# Emilio files his tax return

Posted by David Gobeil on

For 2020, Emilio is self-employed, and he expects that his business income will be \$82,000. His marginal tax rate (MTR) is 38%. The federal conversion rate for the CPP contribution tax credit was 15%. He lived in a province with a conversion rate for the CPP contribution tax credit of 9.8%.

Emilio will have to pay base CPP contributions of \$5,464.80, calculated as:

•  (((the lesser of (contributory earnings and YMPE)) - YBE) × employee and employer’s contribution rates for base CPP); or
• (((the lesser of (\$82,000 and \$58,700)) - \$3,500) × (95% + 4.95%)).

Emilio will have to pay first additional CPP contribution of \$331.20, calculated as:

•  (((the lesser of (contributory earnings and YMPE)) - YBE) × combined employee and employer’s contribution rates); or
• (((the lesser of (\$82,000 and \$58,700)) - \$3,500) × (0.3%+ 3%)).

Emilio will have to pay base and first additional CPP contributions of \$5,796.00, calculated as:

•  (base CPP contributions of \$5,464.80 + first additional CPP contribution of \$331.20).

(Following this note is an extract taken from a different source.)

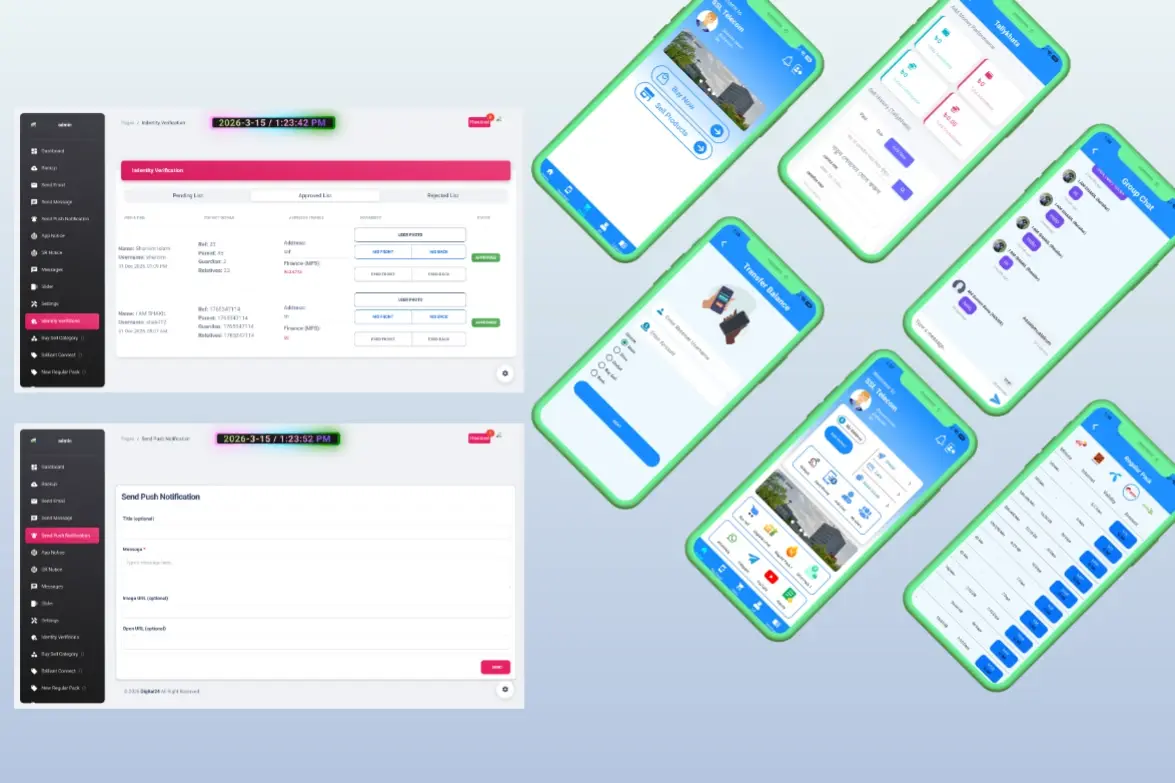 Telecom Service App - Android & CodeIgniter Backend preview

Emilio can claim a CPP contribution tax credit on the employee’s base CPP contributions of \$677.64, calculated as:

• (employee’s contribution × (federal + provincial conversion rates)); or
• ((\$5,464.80 ÷ 2) × (15% + 8%)).

Emilio can claim a personal income tax deduction for the employee’s first additional CPP contributions that results in an income tax reduction of \$62.93, calculated as:

• (employee’s contribution × MTR); or
• ((\$331.20 ÷ 2) × 38%).

Emilio will also receive a business deduction on the employer’s portion, which provides a tax reduction of \$1,101.24, calculated as:

• (employer’s contribution × MTR); or
• ((\$5,796.00 ÷ 2) × 38%).

Emilio’s total tax relief will be \$1,841.81, calculated as:

• (tax credit + personal tax reduction + business tax reduction); or
• (\$677.64 + \$62.93 + \$1,101.24).